====== MATERIALS PROVIDED

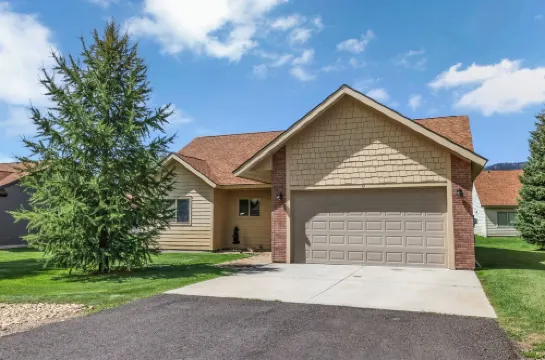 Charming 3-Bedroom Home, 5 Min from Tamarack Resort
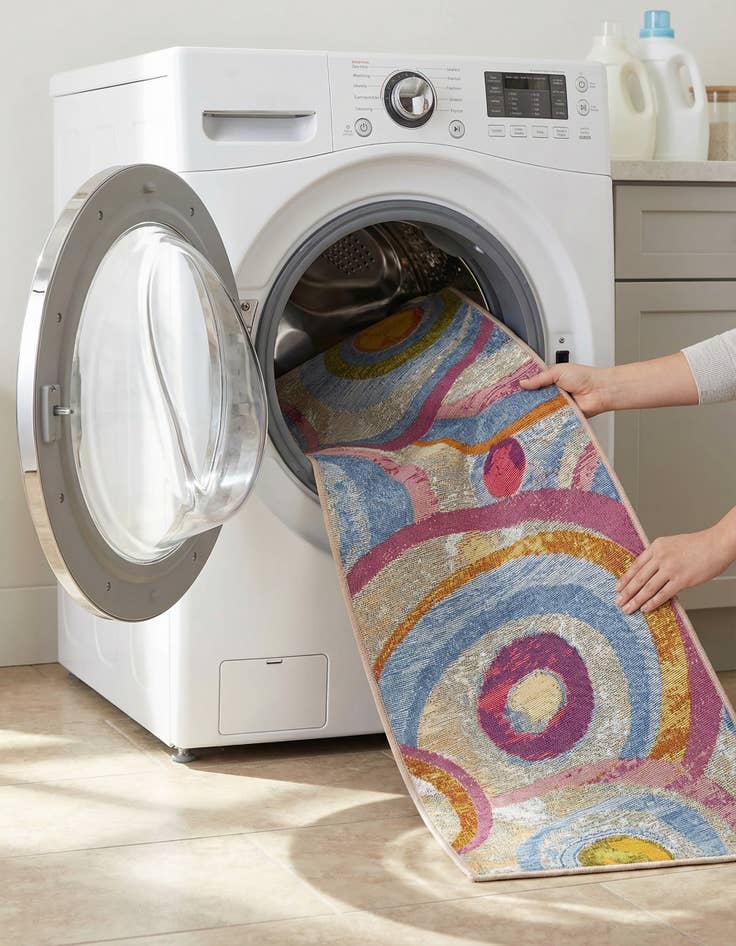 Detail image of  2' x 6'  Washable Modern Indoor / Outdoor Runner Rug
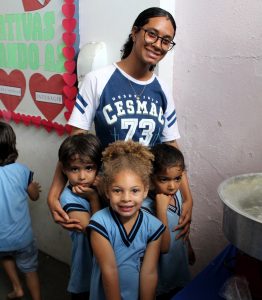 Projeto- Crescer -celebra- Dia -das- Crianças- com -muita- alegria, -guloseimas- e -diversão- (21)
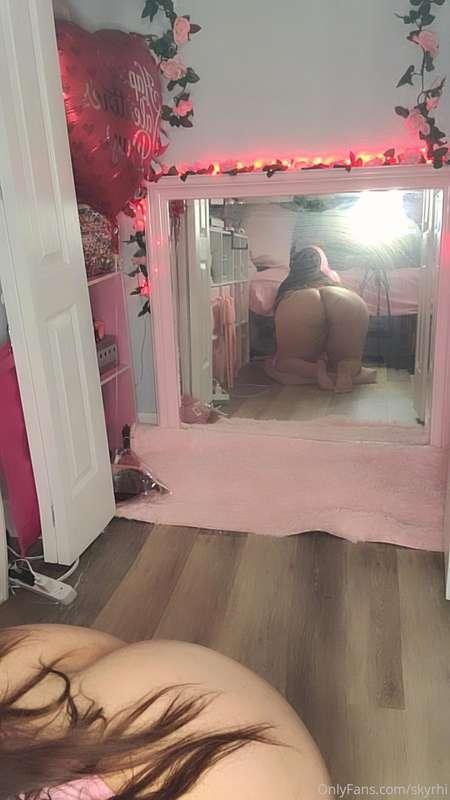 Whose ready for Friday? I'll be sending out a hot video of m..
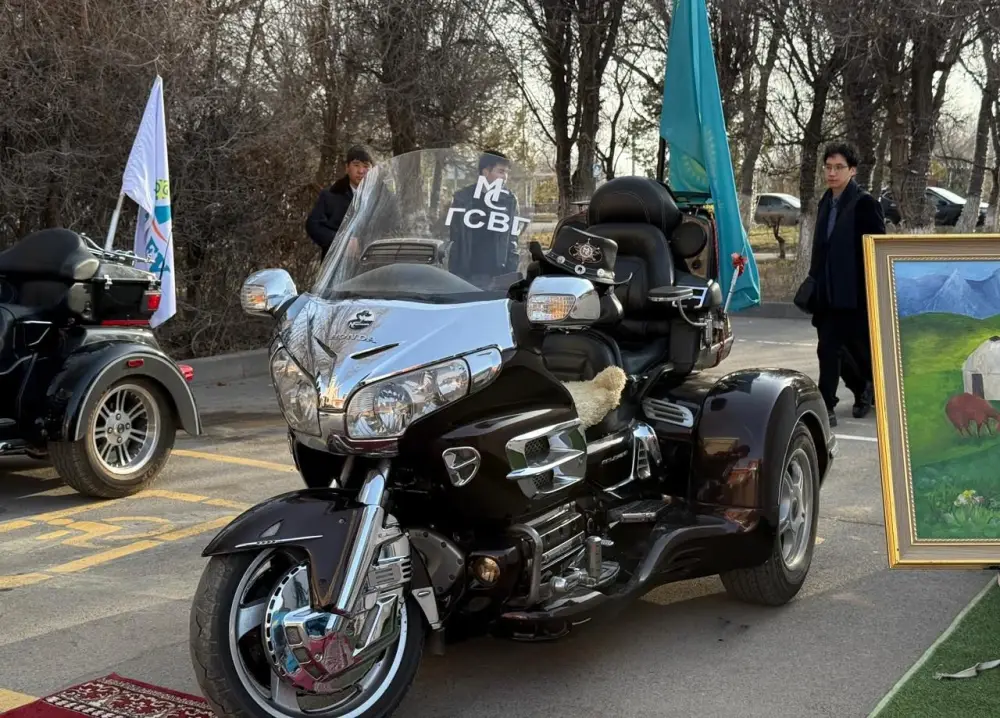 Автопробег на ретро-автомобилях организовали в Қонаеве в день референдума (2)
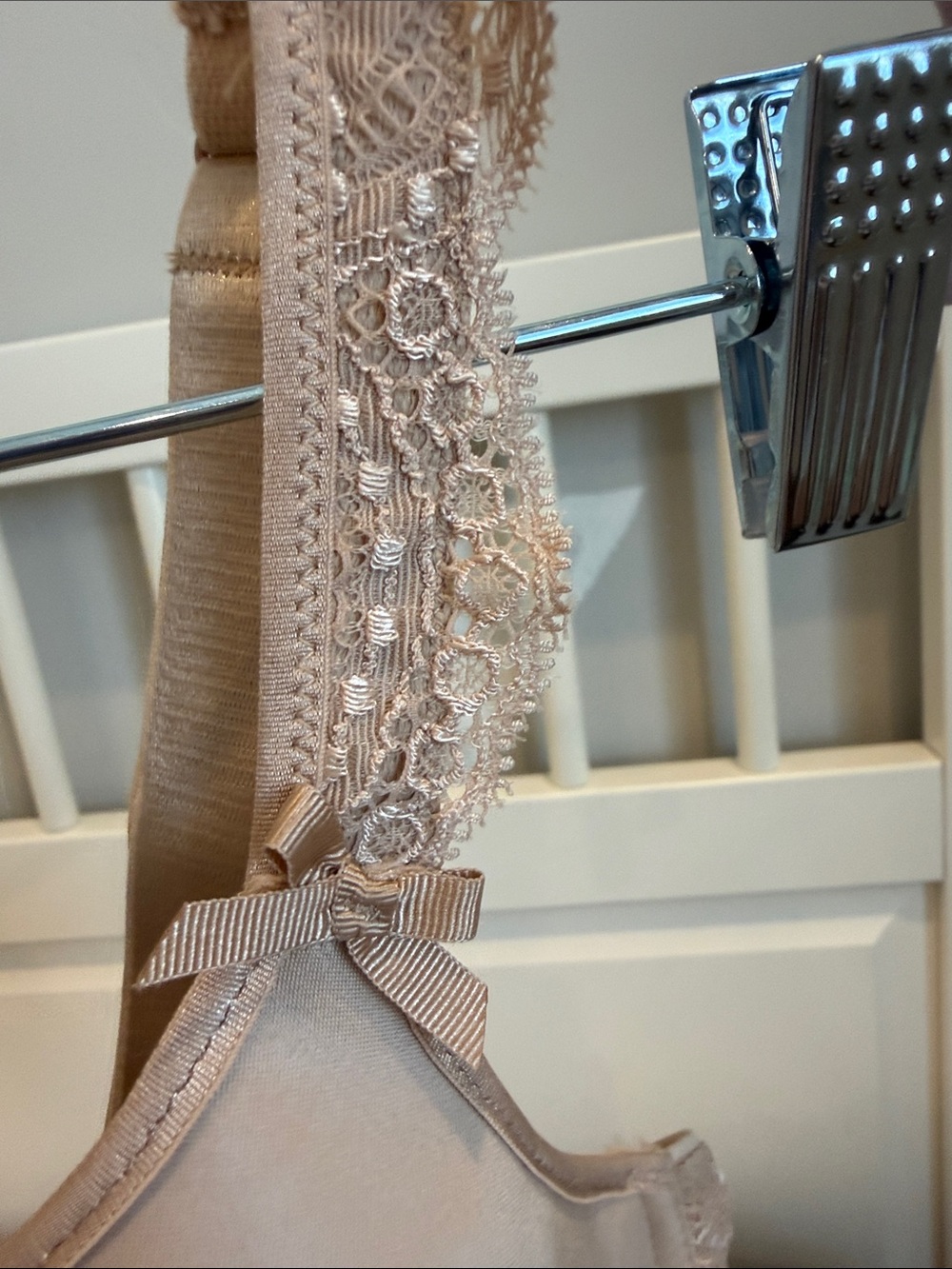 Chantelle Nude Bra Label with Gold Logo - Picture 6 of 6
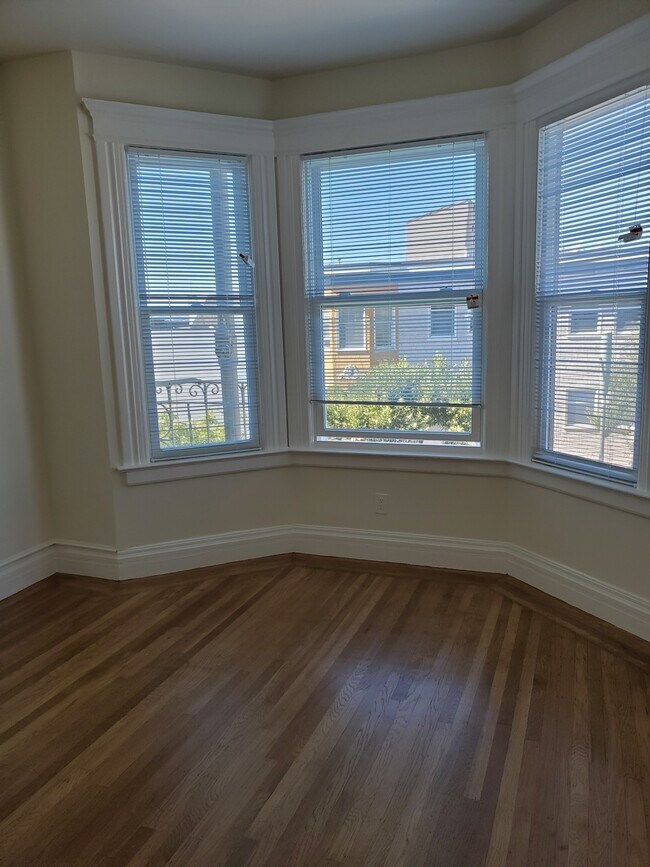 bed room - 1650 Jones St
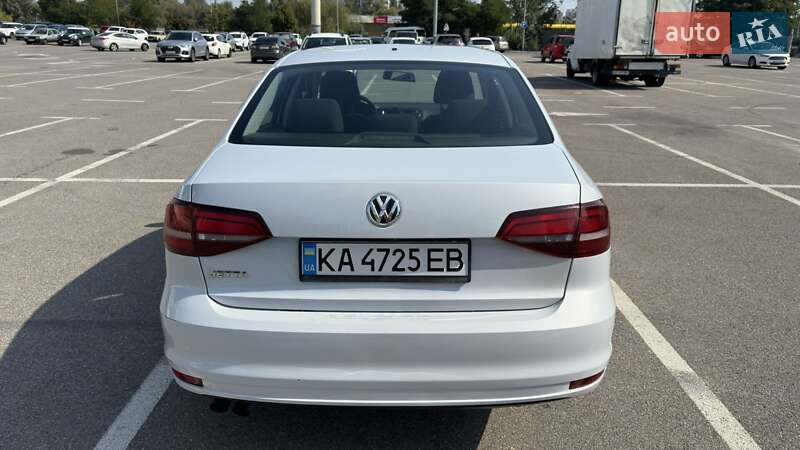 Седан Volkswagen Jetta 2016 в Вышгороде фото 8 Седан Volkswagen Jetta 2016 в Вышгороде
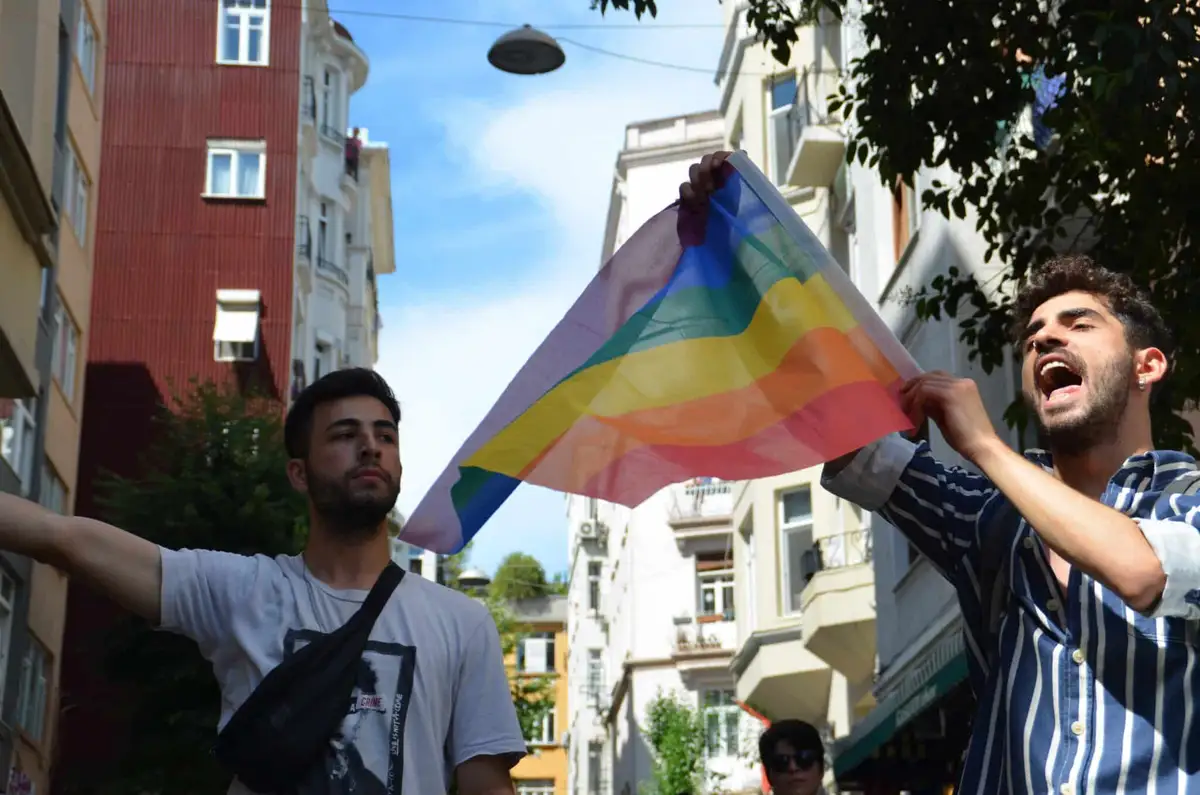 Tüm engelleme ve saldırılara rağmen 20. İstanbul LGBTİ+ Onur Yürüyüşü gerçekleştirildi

============

* **ABOUT THIS EXERCISE**: Make an exact copy of the records above, with the pictures left out.

* **RESULT BELOW**:
 Charming 3-Bedroom Home, 5 Min from Tamarack Resort
 Detail image of  2' x 6'  Washable Modern Indoor / Outdoor Runner Rug
 Projeto- Crescer -celebra- Dia -das- Crianças- com -muita- alegria, -guloseimas- e -diversão- (21)
 Whose ready for Friday? I'll be sending out a hot video of m..
 Автопробег на ретро-автомобилях организовали в Қонаеве в день референдума (2)
 Chantelle Nude Bra Label with Gold Logo - Picture 6 of 6
 bed room - 1650 Jones St
 Седан Volkswagen Jetta 2016 в Вышгороде фото 8 Седан Volkswagen Jetta 2016 в Вышгороде
 Tüm engelleme ve saldırılara rağmen 20. İstanbul LGBTİ+ Onur Yürüyüşü gerçekleştirildi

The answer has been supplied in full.